PARIS: A group of top tech leaders, including British scientist Stephen Hawking and Apple co-founder Steve Wozniak, issued a stern warning on Tuesday against the development of so-called killer robots.

Autonomous weapons, which use artificial intelligence to select targets without human intervention, have been described as “the third revolution in warfare, after gunpowder and nuclear arms”, around 1,000 technology chiefs wrote in an open letter.

“The key question for humanity today is whether to start a global AI (artificial intelligence) arms race or to prevent it from starting,” they wrote.

“If any major military power pushes ahead with AI weapon development, a global arms race is virtually inevitable,” the letter continued.

The idea of an automated killing machine — made famous by Arnold Schwarzenegger’s “Terminator” — is moving swiftly from science fiction to reality, according to the scientists.
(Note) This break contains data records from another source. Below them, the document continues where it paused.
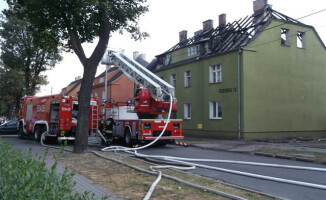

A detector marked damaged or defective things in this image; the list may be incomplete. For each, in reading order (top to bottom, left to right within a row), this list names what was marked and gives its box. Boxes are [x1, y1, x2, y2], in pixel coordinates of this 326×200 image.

burned roof [159, 7, 310, 57]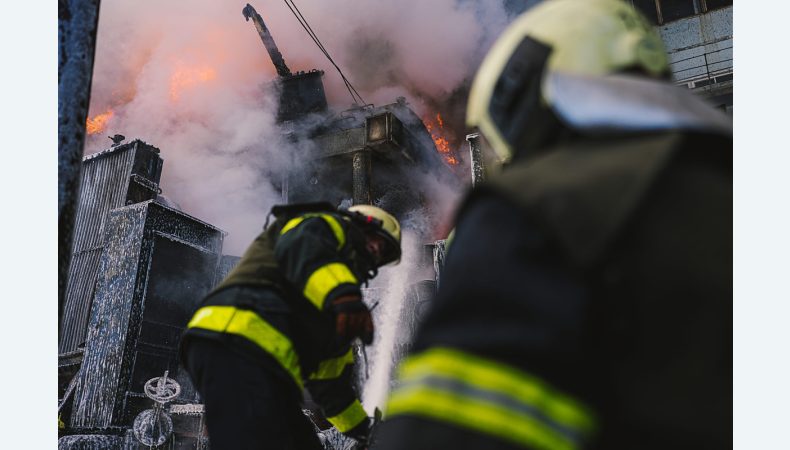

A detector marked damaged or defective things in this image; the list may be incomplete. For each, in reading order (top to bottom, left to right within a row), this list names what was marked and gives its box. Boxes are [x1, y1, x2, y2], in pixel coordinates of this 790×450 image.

charred debris [58, 4, 480, 450]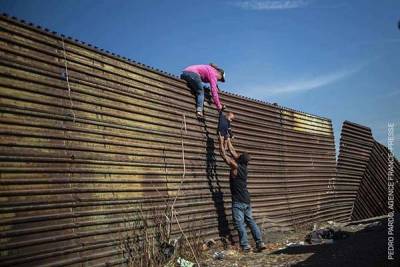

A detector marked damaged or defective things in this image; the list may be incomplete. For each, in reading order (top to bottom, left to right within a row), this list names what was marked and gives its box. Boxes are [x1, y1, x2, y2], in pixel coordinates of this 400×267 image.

rusty metal fence panel [0, 15, 338, 267]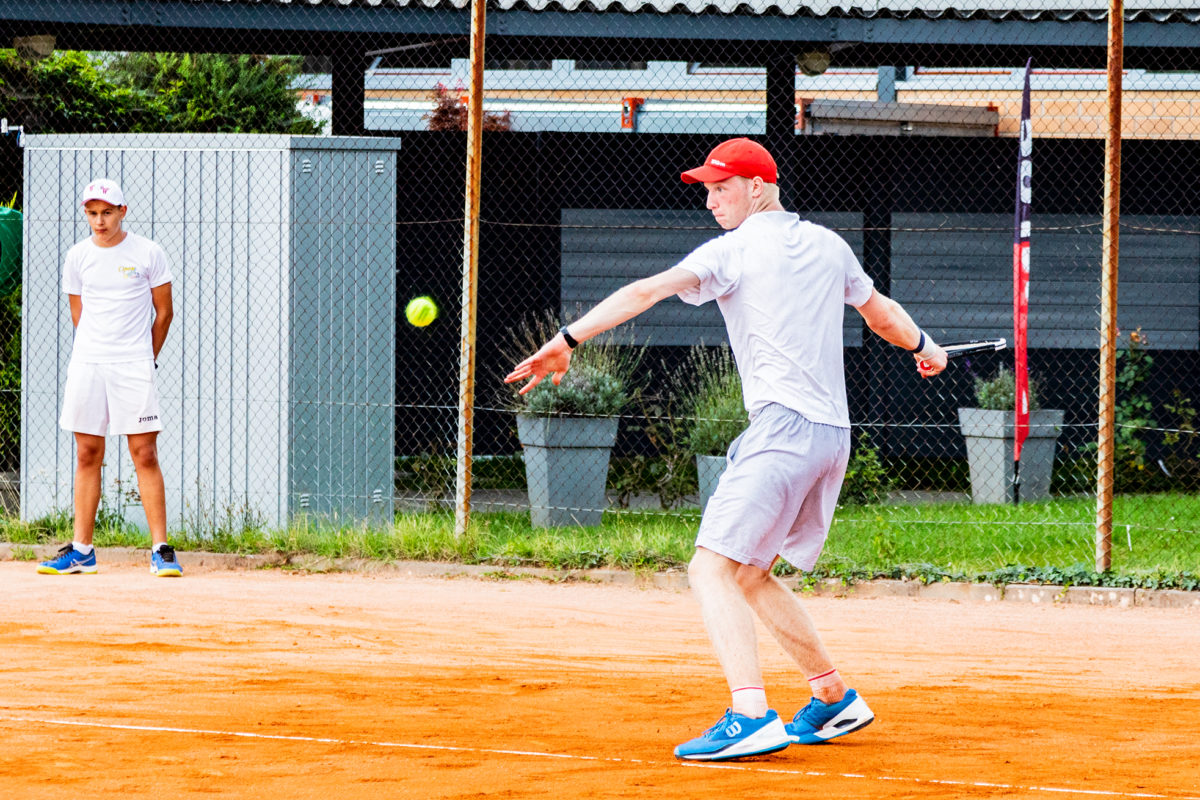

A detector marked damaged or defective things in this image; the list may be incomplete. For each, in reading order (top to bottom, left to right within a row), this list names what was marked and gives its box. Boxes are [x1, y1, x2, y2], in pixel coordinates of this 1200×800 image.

rusty metal pole [451, 0, 484, 537]
rusty metal pole [1099, 1, 1123, 575]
“The deployment of such systems is — practically if not legally — feasible within years, not decades,” the letter said.

The scientists painted the Doomsday scenario of autonomous weapons falling into the hands of terrorists, dictators or warlords hoping to carry out ethnic cleansing.

“There are many ways in which AI can make battlefields safer for humans, especially civilians, without creating new tools for killing people,” the letter said.
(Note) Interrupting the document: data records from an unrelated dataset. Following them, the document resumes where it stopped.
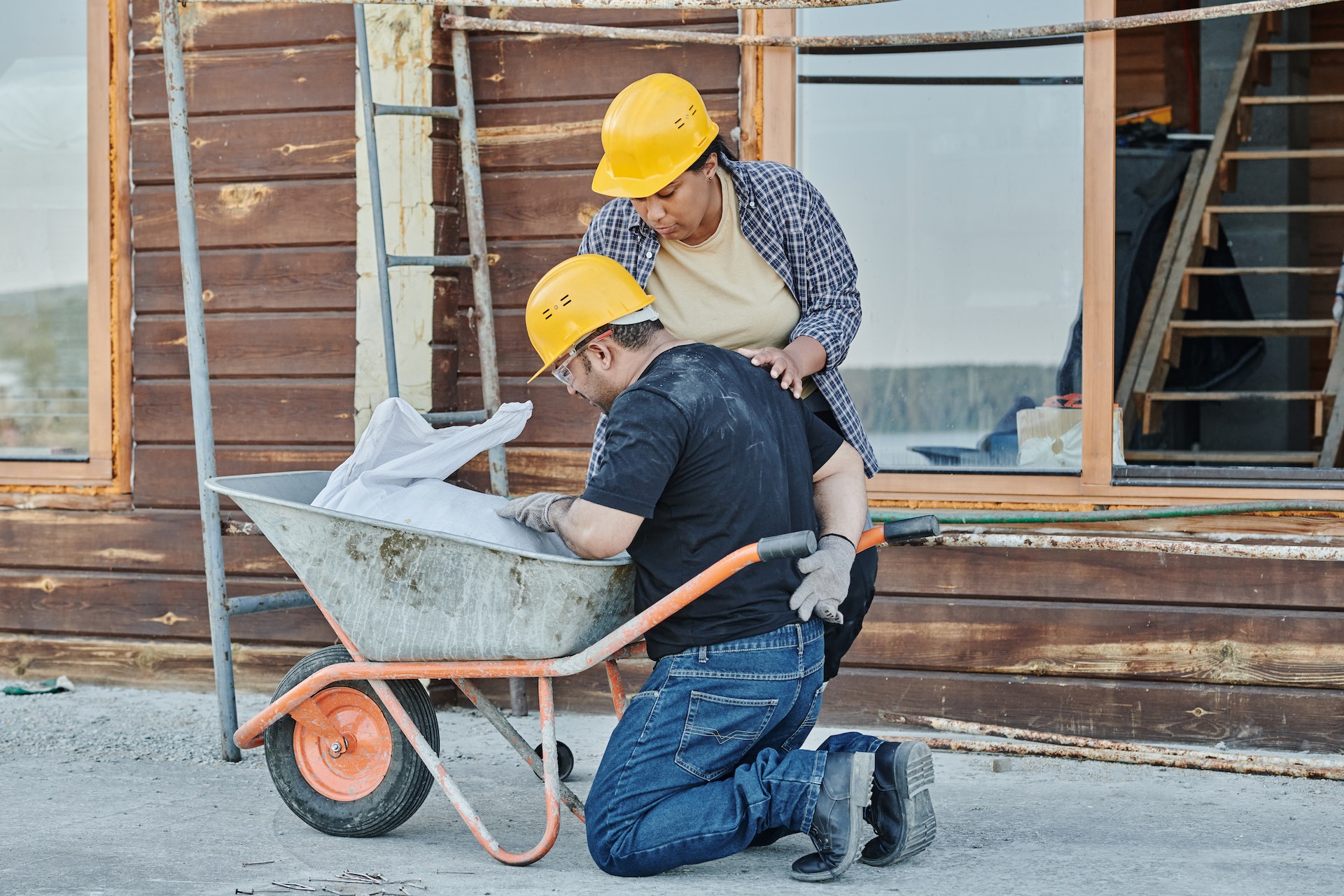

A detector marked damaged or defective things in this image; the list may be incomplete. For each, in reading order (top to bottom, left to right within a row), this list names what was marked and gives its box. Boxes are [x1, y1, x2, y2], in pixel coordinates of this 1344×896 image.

rusty metal bar [435, 0, 1338, 49]
rusty metal bar [158, 0, 241, 763]
rusty metal bar [887, 531, 1344, 561]
rusty metal bar [887, 714, 1344, 774]
rusty metal bar [892, 741, 1344, 779]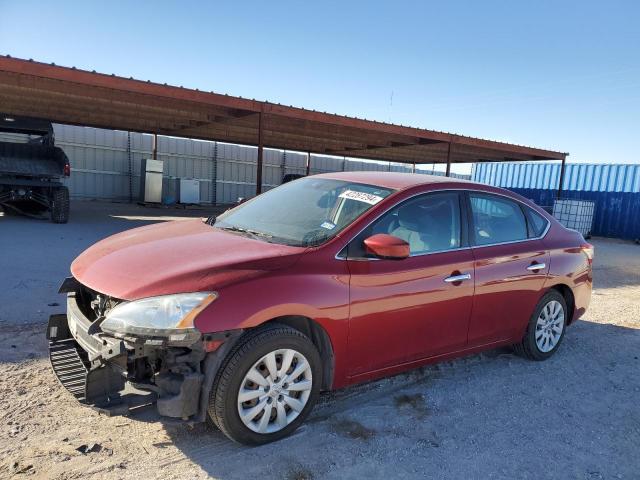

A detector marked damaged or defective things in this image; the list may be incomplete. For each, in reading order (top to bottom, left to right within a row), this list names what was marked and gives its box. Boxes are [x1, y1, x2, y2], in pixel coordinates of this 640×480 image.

front-end damage [47, 284, 241, 422]
damaged headlight [100, 290, 218, 344]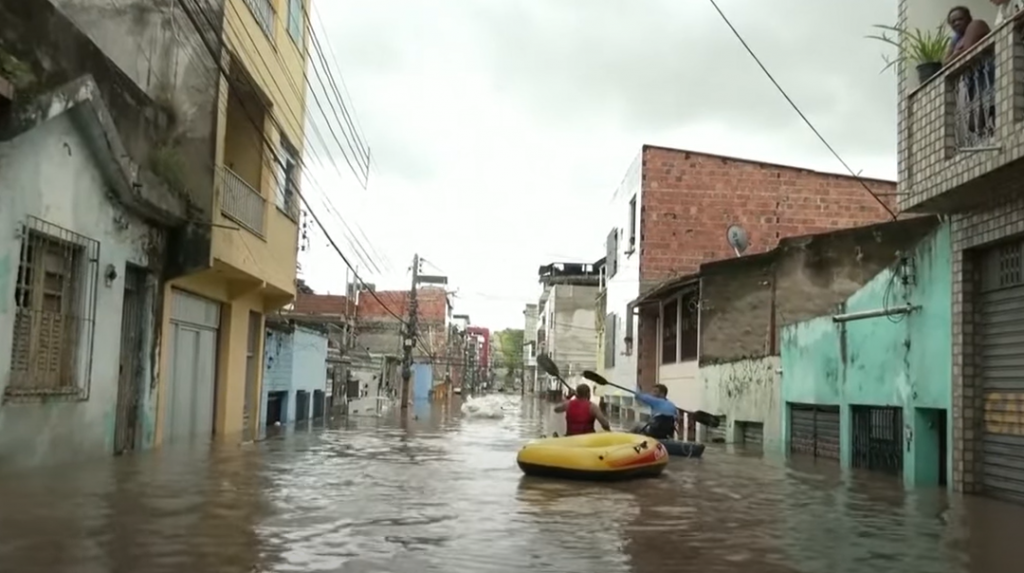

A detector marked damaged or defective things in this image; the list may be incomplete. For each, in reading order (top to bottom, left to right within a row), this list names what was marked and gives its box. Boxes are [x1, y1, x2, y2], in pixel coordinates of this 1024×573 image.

peeling paint wall [0, 114, 161, 468]
peeling paint wall [704, 358, 782, 448]
peeling paint wall [778, 224, 954, 487]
In addition, the development of such weapons, while potentially reducing the extent of battlefield casualties, might also lower the threshold for going to battle, noted the scientists.

The group concluded with an appeal for a “ban on offensive autonomous weapons beyond meaningful human control”.
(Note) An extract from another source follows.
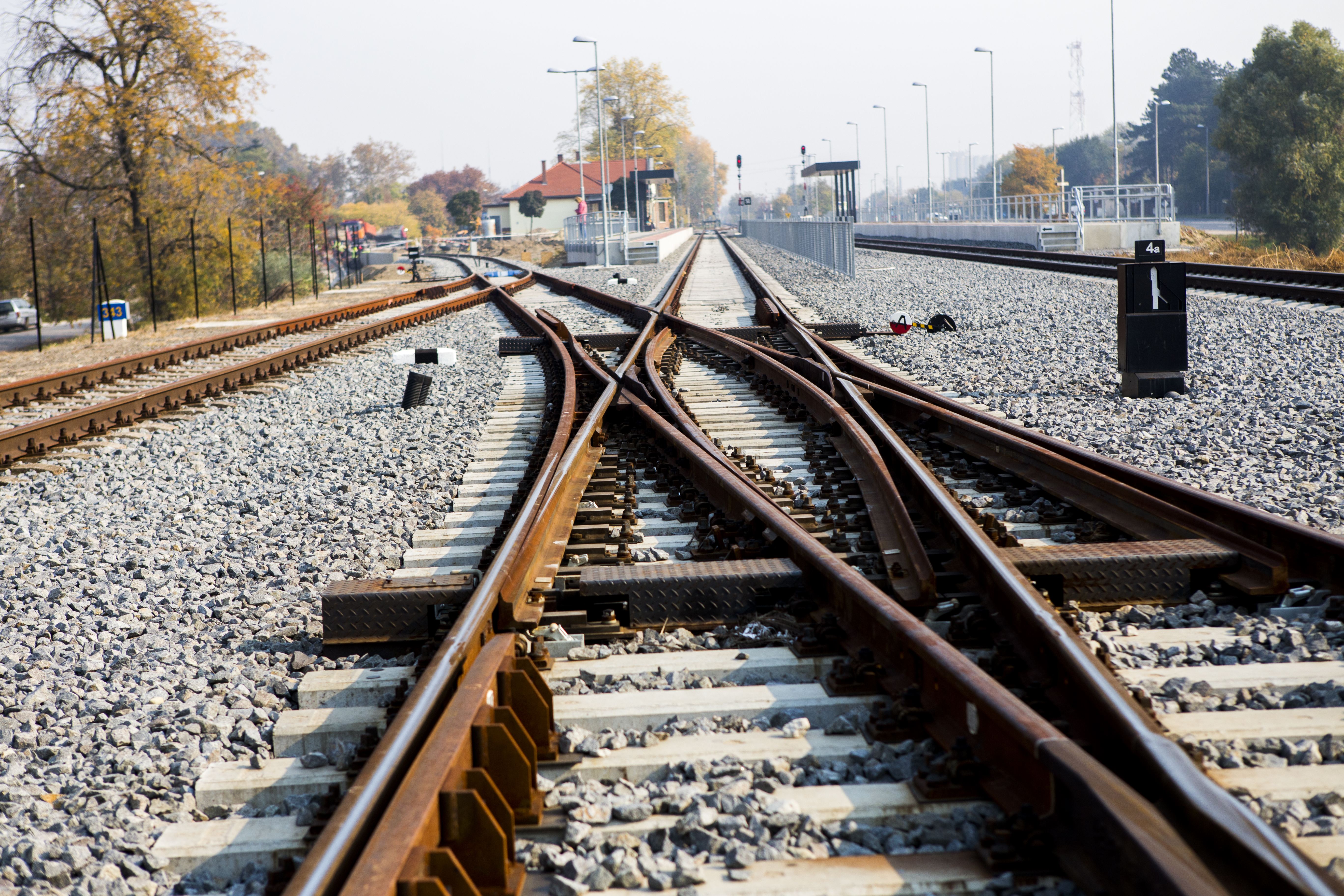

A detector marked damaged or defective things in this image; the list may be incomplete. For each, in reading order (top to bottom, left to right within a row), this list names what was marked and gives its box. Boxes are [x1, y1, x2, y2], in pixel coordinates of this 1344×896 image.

rusty rail [0, 277, 478, 411]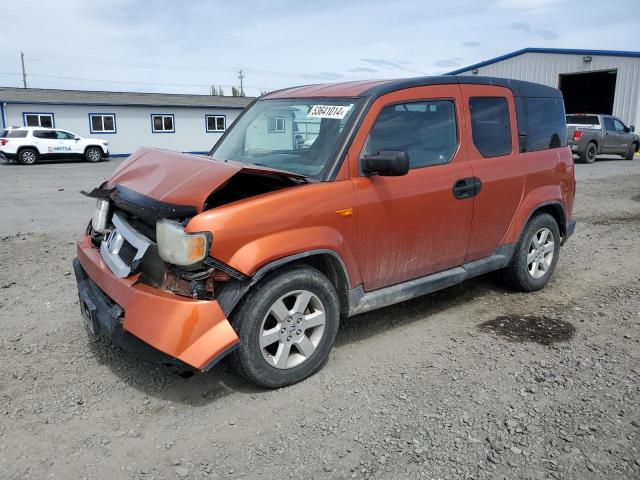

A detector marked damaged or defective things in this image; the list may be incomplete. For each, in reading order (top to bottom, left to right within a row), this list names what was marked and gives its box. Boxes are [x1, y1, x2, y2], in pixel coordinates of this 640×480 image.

The letter was presented at the opening of the International Joint Conference on Artificial Intelligence in Buenos Aires, Argentina. Elon Musk, the billionaire co-founder of PayPal and head of SpaceX, a private space-travel technology venture, also urged the public to join the campaign.

“If you’re against a military AI arms race, please sign this open letter,” tweeted the tech boss. Authorities are gradually waking up to the risk of robot wars.

Last May, for the first time, governments began talks on so-called “lethal autonomous weapons systems”.

In 2012, Washington imposed a 10-year human control requirement on automated weapons, welcomed by campaigners even though they said it should go further.

There have been examples of weapons being stopped in their infancy. After UN-backed talks, blinding laser weapons were banned in 1998, before they ever hit the battlefield.